## TASK BRIEF
For each line in the records that contains "Thank", make a copy.

-- EXCERPTED DATA follows --

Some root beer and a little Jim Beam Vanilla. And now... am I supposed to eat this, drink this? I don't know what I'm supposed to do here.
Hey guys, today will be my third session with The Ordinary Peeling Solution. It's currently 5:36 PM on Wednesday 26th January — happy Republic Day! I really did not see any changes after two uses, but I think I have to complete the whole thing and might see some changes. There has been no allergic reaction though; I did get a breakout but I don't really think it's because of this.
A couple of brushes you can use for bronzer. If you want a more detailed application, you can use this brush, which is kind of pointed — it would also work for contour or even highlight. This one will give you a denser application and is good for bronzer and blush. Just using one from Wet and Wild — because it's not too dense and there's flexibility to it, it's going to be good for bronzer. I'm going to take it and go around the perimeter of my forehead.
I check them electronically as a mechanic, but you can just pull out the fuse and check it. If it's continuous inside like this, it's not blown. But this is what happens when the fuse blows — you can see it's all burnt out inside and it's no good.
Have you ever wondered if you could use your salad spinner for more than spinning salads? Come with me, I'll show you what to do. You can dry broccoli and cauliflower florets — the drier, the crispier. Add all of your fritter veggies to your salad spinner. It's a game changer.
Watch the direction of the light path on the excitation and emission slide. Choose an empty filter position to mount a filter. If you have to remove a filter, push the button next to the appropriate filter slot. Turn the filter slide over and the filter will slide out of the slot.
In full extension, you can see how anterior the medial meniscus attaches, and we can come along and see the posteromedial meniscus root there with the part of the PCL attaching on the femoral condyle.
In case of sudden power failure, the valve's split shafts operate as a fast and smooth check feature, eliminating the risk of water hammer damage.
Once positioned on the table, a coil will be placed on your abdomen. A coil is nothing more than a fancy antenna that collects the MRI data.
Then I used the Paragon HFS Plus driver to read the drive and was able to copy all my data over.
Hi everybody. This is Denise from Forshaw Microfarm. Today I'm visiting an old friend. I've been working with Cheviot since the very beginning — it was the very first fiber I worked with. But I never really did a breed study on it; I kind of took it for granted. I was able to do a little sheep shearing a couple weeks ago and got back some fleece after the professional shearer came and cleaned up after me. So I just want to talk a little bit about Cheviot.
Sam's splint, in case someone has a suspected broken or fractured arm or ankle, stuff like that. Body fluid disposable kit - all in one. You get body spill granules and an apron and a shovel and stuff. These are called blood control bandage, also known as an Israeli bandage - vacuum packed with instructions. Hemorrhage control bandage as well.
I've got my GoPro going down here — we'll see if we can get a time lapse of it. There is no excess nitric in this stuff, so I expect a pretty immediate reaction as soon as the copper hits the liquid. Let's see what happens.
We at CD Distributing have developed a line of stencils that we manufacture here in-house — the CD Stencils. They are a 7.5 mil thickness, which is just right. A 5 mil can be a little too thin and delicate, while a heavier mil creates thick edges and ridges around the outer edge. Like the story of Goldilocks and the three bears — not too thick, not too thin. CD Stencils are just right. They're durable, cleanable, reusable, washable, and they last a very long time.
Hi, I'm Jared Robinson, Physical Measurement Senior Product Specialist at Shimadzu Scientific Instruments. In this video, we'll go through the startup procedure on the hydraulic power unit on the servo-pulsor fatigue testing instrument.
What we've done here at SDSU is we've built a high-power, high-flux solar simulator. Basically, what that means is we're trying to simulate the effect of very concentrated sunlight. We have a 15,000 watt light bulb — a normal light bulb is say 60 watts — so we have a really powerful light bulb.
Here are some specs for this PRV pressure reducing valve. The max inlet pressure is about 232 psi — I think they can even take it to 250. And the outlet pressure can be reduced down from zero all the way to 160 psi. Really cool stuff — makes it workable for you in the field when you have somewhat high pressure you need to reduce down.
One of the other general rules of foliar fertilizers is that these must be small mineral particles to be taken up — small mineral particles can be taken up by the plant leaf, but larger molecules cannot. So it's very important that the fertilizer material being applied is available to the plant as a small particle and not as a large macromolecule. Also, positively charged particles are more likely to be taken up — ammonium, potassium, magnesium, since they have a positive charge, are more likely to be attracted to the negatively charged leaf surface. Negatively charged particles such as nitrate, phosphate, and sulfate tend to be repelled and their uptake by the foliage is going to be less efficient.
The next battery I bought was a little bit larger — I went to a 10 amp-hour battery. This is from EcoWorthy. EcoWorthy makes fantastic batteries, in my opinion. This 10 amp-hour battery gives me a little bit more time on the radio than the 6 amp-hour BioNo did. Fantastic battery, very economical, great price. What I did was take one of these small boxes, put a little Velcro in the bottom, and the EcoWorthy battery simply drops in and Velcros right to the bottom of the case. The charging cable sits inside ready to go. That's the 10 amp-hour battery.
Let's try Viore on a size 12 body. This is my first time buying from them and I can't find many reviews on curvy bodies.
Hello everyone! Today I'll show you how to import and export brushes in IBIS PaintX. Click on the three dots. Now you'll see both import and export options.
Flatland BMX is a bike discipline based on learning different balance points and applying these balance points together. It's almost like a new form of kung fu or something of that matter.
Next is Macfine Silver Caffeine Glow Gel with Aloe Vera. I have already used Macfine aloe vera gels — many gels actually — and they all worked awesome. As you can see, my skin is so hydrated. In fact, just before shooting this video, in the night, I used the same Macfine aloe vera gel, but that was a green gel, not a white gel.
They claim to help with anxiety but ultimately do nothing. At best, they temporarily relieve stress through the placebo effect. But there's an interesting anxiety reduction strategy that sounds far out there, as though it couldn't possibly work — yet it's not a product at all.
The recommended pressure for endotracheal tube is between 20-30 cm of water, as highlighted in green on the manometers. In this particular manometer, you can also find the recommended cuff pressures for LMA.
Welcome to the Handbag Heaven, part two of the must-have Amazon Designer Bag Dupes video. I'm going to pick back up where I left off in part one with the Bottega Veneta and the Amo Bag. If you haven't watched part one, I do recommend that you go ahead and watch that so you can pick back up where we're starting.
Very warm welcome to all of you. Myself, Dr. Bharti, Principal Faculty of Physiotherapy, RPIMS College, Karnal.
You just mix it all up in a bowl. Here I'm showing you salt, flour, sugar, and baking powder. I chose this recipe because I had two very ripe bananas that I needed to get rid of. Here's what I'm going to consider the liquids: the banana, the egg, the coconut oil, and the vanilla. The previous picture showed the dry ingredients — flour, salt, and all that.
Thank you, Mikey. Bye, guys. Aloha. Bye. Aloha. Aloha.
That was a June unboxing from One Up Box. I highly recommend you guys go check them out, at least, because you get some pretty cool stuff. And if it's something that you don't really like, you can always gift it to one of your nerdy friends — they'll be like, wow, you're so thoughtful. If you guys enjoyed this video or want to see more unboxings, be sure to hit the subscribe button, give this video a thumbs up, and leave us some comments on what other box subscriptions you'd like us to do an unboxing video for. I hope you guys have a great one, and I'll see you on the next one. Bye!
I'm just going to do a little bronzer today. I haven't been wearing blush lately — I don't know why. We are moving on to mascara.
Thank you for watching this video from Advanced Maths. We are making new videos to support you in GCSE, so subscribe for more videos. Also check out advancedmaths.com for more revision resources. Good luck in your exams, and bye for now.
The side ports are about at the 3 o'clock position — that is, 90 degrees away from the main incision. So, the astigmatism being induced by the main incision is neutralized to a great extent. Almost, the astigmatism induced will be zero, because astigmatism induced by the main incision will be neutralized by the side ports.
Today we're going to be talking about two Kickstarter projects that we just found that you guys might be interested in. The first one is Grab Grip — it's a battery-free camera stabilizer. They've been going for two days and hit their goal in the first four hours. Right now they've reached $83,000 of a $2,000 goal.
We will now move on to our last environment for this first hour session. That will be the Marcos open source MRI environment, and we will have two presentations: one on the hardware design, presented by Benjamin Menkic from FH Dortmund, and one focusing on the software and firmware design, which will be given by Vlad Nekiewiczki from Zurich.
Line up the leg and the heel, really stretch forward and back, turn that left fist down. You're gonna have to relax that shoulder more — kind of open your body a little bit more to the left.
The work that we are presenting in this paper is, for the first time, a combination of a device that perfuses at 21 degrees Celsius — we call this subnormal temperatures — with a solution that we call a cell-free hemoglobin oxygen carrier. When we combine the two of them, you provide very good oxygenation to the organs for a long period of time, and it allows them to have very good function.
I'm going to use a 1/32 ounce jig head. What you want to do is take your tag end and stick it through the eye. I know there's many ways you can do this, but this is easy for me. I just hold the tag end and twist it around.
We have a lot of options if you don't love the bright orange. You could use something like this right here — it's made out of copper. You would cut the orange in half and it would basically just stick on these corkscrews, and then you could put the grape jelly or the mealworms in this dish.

-- EXCERPTED DATA concluded --

## RESULT OF THIS TASK
Thank you, Mikey. Bye, guys. Aloha. Bye. Aloha. Aloha.
Thank you for watching this video from Advanced Maths. We are making new videos to support you in GCSE, so subscribe for more videos. Also check out advancedmaths.com for more revision resources. Good luck in your exams, and bye for now.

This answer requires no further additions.